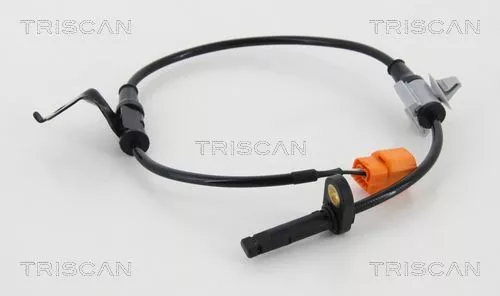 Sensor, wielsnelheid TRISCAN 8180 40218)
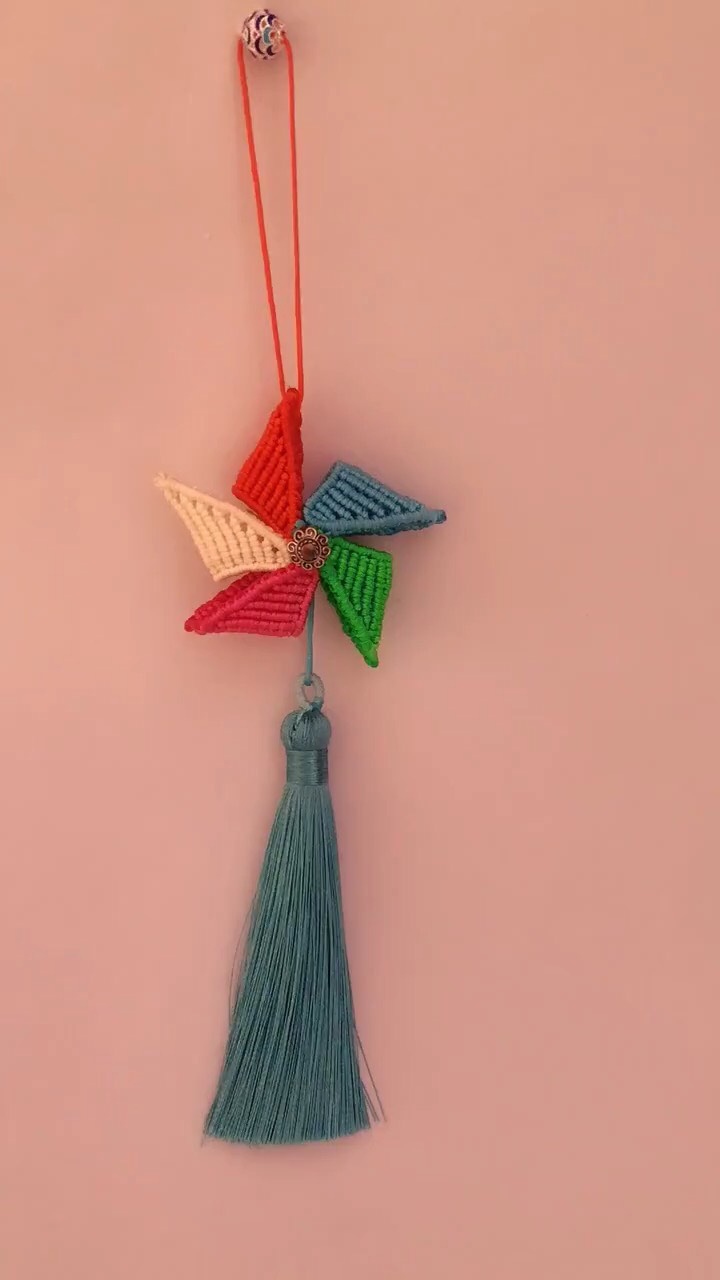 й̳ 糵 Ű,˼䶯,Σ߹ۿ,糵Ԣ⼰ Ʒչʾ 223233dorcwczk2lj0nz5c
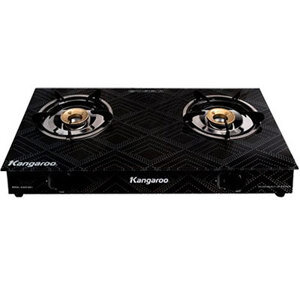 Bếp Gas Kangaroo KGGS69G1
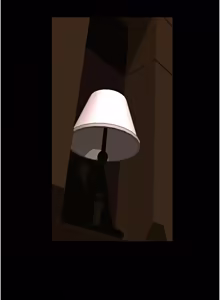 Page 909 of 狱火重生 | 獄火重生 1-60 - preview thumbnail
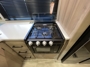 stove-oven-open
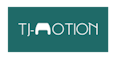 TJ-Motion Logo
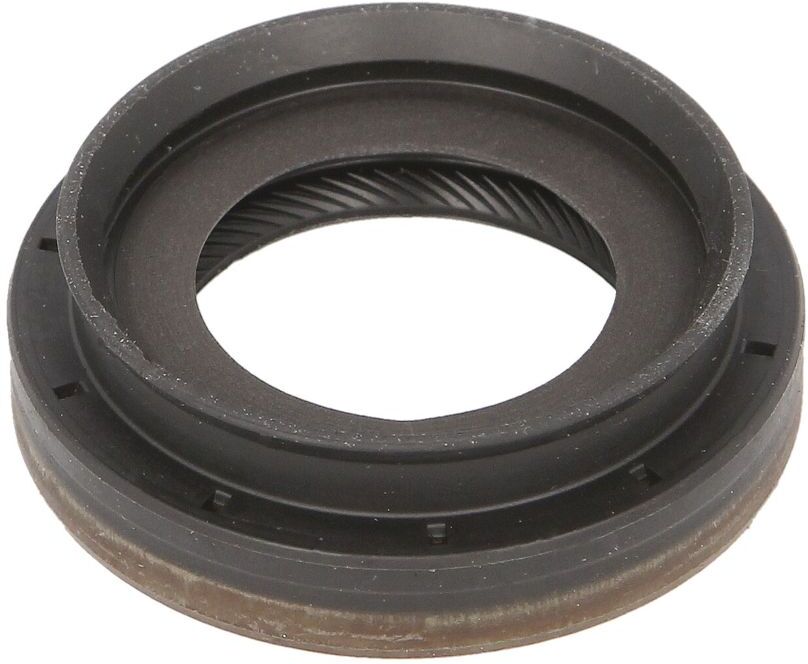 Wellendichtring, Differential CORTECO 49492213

• EXERCISE DIRECTIONS: If any entry holds a picture, drop the picture and copy everything else exactly.

• FINISHED EXERCISE:
 Sensor, wielsnelheid TRISCAN 8180 40218)
 й̳ 糵 Ű,˼䶯,Σ߹ۿ,糵Ԣ⼰ Ʒչʾ 223233dorcwczk2lj0nz5c
 Bếp Gas Kangaroo KGGS69G1
 Page 909 of 狱火重生 | 獄火重生 1-60 - preview thumbnail
 stove-oven-open
 TJ-Motion Logo
 Wellendichtring, Differential CORTECO 49492213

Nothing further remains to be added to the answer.